If services tier runs on IBM® WebSphere® Application Server Network Deployment, make sure that the setting Allow thread allocation beyond maximum thread size is enabled. For more information, see Thread pool settings topic.
When the reindex of all assets is not required, use the assetType parameter to reindex only selected asset types.

Procedure

Close all browser instances.
Open a new supported browser.

Enter the following URL, which corresponds to the reindex REST API method for InfoSphere Information Server:

https://server_name:port_number/ibm/iis/common-utils/rest/v1/app/reindex?batchSize=100&solrBatchSize=100

Notes:

This command contains default values for the batchSize and solrBatchSize parameters. You can use other values that are described in the following table.
If you are currently running tasks that affect product performance, for example, running analysis, or importing data, consider running reindex task later. Reindex greatly affects performance, and running it at a time when the system is already busy might result in the reindex failure.

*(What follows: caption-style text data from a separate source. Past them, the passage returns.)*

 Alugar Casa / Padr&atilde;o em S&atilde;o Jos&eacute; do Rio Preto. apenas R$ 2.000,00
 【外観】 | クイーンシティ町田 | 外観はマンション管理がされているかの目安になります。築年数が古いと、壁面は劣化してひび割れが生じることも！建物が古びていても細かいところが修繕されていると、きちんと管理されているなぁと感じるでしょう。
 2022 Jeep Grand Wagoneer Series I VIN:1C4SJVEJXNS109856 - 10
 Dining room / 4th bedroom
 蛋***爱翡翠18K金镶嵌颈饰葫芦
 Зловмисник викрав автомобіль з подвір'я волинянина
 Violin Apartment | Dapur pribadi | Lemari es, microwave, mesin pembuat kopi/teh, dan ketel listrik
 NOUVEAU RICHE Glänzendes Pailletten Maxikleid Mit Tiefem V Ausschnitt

Table 1. Parameters for reindex REST API method.
Parameter	Description	Sample value
server_name	The name or IP address of the services tier computer.	localhost
port_number	The port number. The default port number for HTTPS is 9443.	9443
batchSize	The batch size to retrieve information from the database. Increasing this size may improve performance but there is a possibility of reindex failure. The default is 100. The maximum value is 10000.	100
solrBatchSize	The batch size to use for Solr indexing. Increasing this size might improve performance. The default is 100. The maximum value is 10000. When you run reindex on a system with Information Server Enterprise Search installed, values over 2000 might cause the reindex to fail. If you use the default product configuration, the optimal value for this parameter is 500.	100
maxWaitTime	The maximum wait time to process a batch of assets or data sets. The default is 240 seconds (4 minutes). This parameter can be increased if the browser timeout setting is higher. Some browsers allow you to extend or disable the timeout setting.	240
assetType	Specifies one or more comma separated asset types. Use the updateIndex parameter and specify false to list all supported asset types.	Category,Term,Information Governance Rule,Information Governance Policy
excludeAssetType	Specifies one or more comma separated asset types to exclude.	Category,Term,Information Governance Rule,Information Governance Policy
start	Specifies if you want indexing to resume from a starting point after a failure. This parameter is applicable to any single asset type.	Any value between 1 and the corresponding number of assets.
updateIndex	When set to `false`, this parameter lists supported asset types and their counts. This parameter is only supported when using the ibm/iis/common-utils/rest/v1/app/reindex URL. The default is true. When set to false all other parameters are ignored.	false
threadCount	Allows you to run a reindexing job in parallel. The default is 4.	4

Enter your credentials to start rebuilding the index.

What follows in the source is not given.